I'm enjoying the break the last event was pretty taxing!!❄❄❄


----------



## Gruntilda (Jan 24, 2018)

What a great setup you made with your stuff tolismarie!!  You are so much better at arranging your stuff than I am!


----------



## Urchinia (Jan 24, 2018)

I love your setup! I'm only using one rink but I crafted one extra one to have on hand  

After the Flower Safari, I'm glad the snowflakes were a little easier and quick to complete... I wish there were a few more wintery things... but ah well


----------



## Imaginetheday (Jan 24, 2018)

Urchinia said:


> I love your setup! I'm only using one rink but I crafted one extra one to have on hand
> 
> After the Flower Safari, I'm glad the snowflakes were a little easier and quick to complete... I wish there were a few more wintery things... but ah well



I hope next year we get an ice rink amenity. Wouldn't that be cute, with several campers out on the ice?


----------



## MopyDream44 (Jan 24, 2018)

Ashariel said:


> I'm enjoying the break the last event was pretty taxing!!❄❄❄



Same, I'm still playing daily, but not nearly as much as I was playing during the Rover Event, and let me tell you it has been very nice.


----------



## joelmm (Jan 24, 2018)

I hope they let us rest a couple of weeks until the new event


----------



## tolisamarie (Jan 24, 2018)

Gruntilda said:


> What a great setup you made with your stuff tolismarie!!  You are so much better at arranging your stuff than I am!

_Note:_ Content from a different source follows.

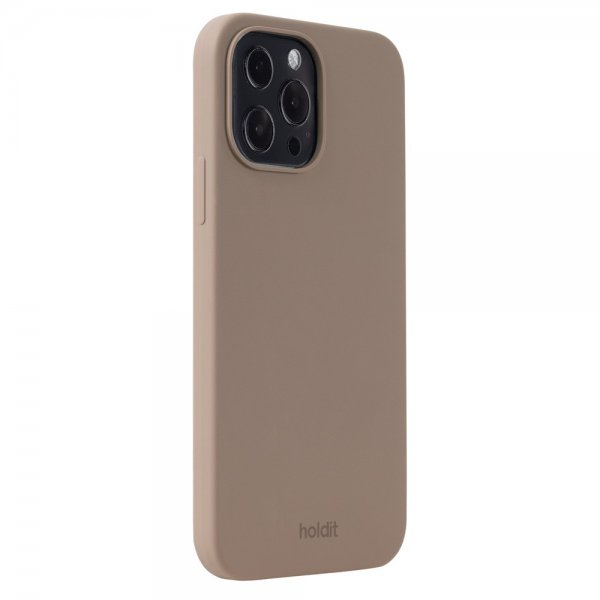 holdit iPhone 13 Pro Max Deksel Silikon Mocha Brown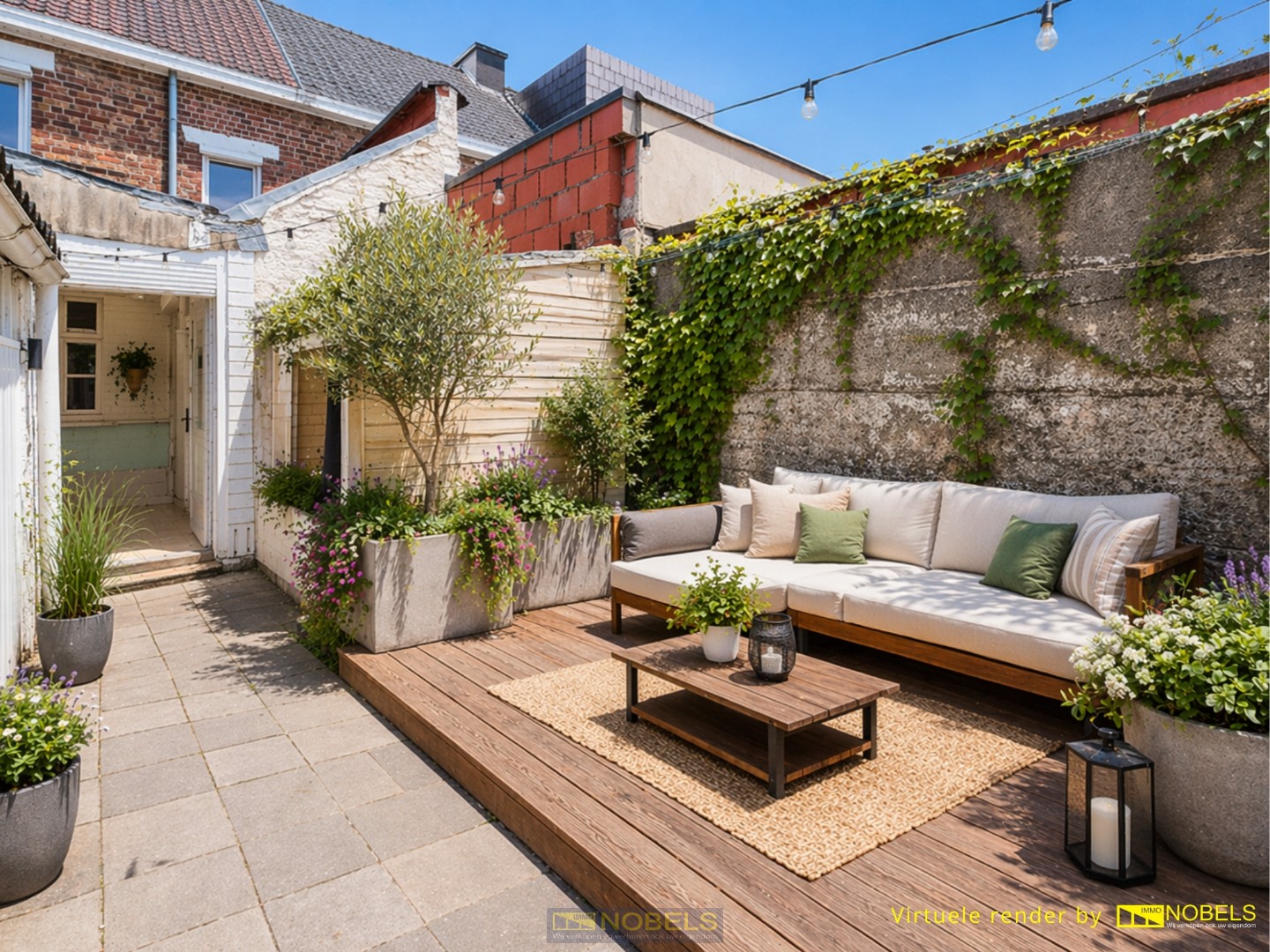 Te koop, volledig te renoveren stadswoning met stadskoer te Ronse - foto 2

Thank you. I think I'll keep it this way for a while before I settle on a springtime design.


----------



## Chele (Jan 25, 2018)

Yeah, I want more as well! I finished crafting all the items between 2 and a half days and I want more stuff now. The main feature I really want is to put two carpets. The second block of land I have is so plain and needs a carpet to spice up the colour!

Edit: I think the event is ending in 6 days from now, so maybe after the 6 days have finished then we will have another event?


----------